Sabaa Hadi, Cai Zhipeng, Wang Yining, Goebel Randy, Moore Stephen, Lin Guohui
Department of Computing Science, University of Alberta, Edmonton, Alberta T6G 2E8, Canada.
J Bioinform Comput Biol. 2013 Apr;11(2):1350002. doi: 10.1142/S0219720013500029. Epub 2013 Jan 16.
High-throughput single nucleotide polymorphism genotyping assays conveniently produce genotype data for genome-wide genetic linkage and association studies. For pedigree datasets, the unphased genotype data is used to infer the haplotypes for individuals, according to Mendelian inheritance rules. Linkage studies can then locate putative chromosomal regions based on the haplotype allele sharing among the pedigree members and their disease status. Most existing haplotyping programs require rather strict pedigree structures and return a single inferred solution for downstream analysis. In this research, we relax the pedigree structure to contain ungenotyped founders and present a cubic time whole genome haplotyping algorithm to minimize the number of zero-recombination haplotype blocks. With or without explicitly enumerating all the haplotyping solutions, the algorithm determines all distinct haplotype allele identity-by-descent (IBD) sharings among the pedigree members, in linear time in the total number of haplotyping solutions.

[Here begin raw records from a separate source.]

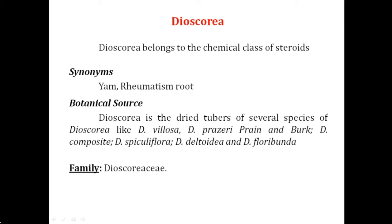The synonyms of Dioscorea are YAM and Rheumatism Root. From the name Rheumatism Root, you can remember that this drug is highly useful in the treatment of rheumatic disorders. That is why its synonym is Rheumatism Root, and you can also remember it by the name YAM.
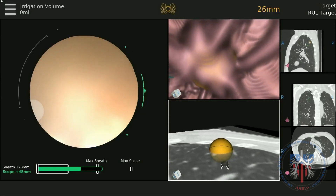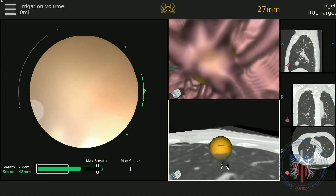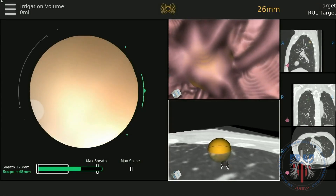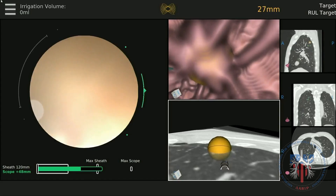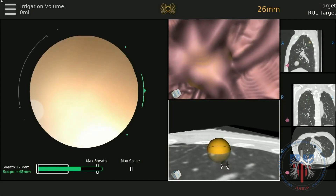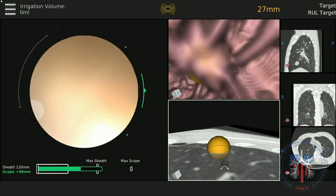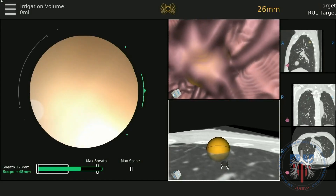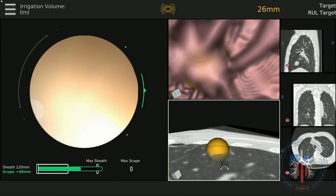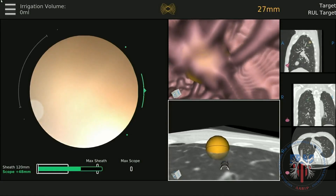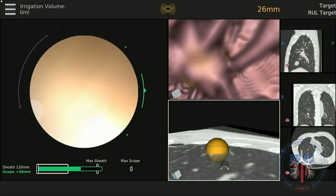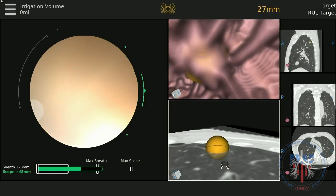After approaching to within 30 mm of the target, you can toggle between imaging screens to ensure that the scope is oriented in a direction that can access the lesion. Radial EBUS is often used at this time to confirm position. After aligning the target in a satisfactory position, hit the button at the top right — the play/pause button — and navigation is now complete.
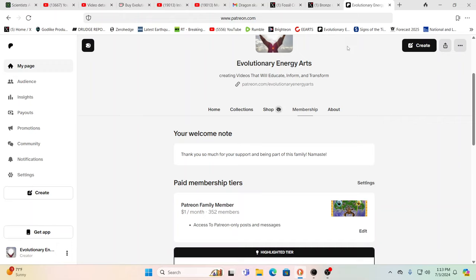Hello our friends, Evolutionary Energy Arts family. Hello there, welcome back. Welcome back guys, as always I want to thank everybody supporting us on Patreon and Kofi. Couldn't do it without you guys.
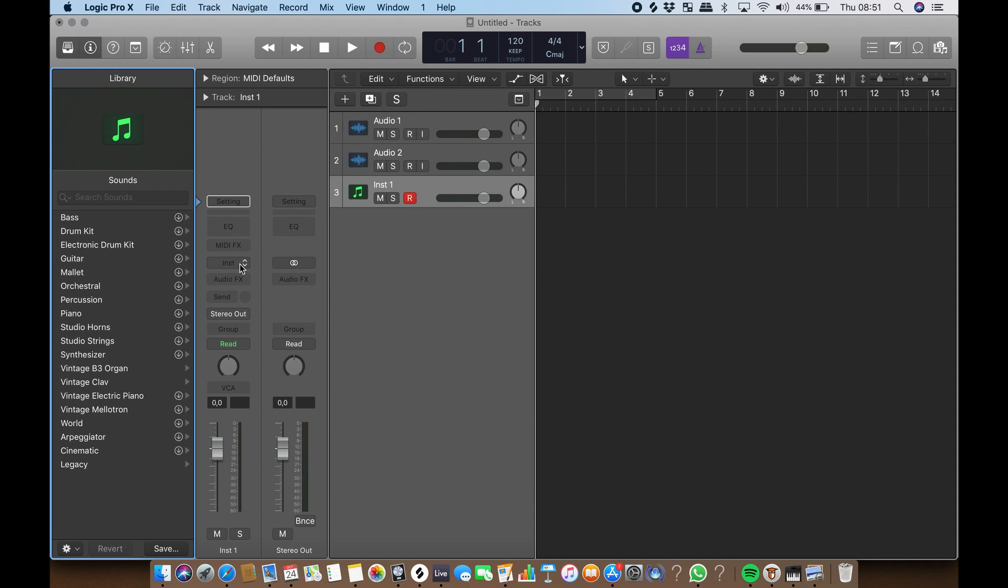Use this slider to adjust the volume of a track. You can also double-click this box and type in the desired value.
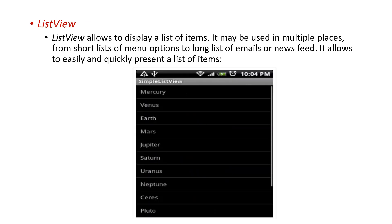Next is list view, which is used to display elements in a list manner. It may be used in multiple places — from a short list of menu options to a long list of emails or news feeds. It allows you to easily and quickly present a list of items.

Our algorithm is implemented as a computer program iBDD. Extensive simulation experiments using 2 sets of 16 pedigree structures from previous studies showed that, in general, there are trillions of haplotyping solutions, but only up to a few thousand distinct haplotype allele IBD sharings. iBDD is able to return all these sharings for downstream genome-wide linkage and association studies.
高通量单核苷酸多态性基因分型检测能够方便地生成用于全基因组遗传连锁和关联研究的基因型数据。对于家系数据集,根据孟德尔遗传规则,利用未分型的基因型数据来推断个体的单倍型。连锁研究随后可以根据家系成员之间的单倍型等位基因共享情况及其疾病状态来定位假定的染色体区域。大多数现有的单倍型分型程序需要相当严格的家系结构,并返回一个单一的推断解决方案用于下游分析。在本研究中,我们放宽了家系结构,使其包含未分型的奠基者,并提出了一种三次时间复杂度的全基因组单倍型分型算法,以尽量减少零重组单倍型块的数量。无论是否明确枚举所有单倍型分型解决方案,该算法都能在单倍型分型解决方案总数的线性时间内确定家系成员之间所有不同的单倍型等位基因同源性(IBD)共享情况。我们的算法实现为一个计算机程序iBDD。使用先前研究中的2组16个家系结构进行的广泛模拟实验表明,一般来说,单倍型分型解决方案有上万亿个,但不同的单倍型等位基因IBD共享情况最多只有几千种。iBDD能够返回所有这些共享情况,用于下游的全基因组连锁和关联研究。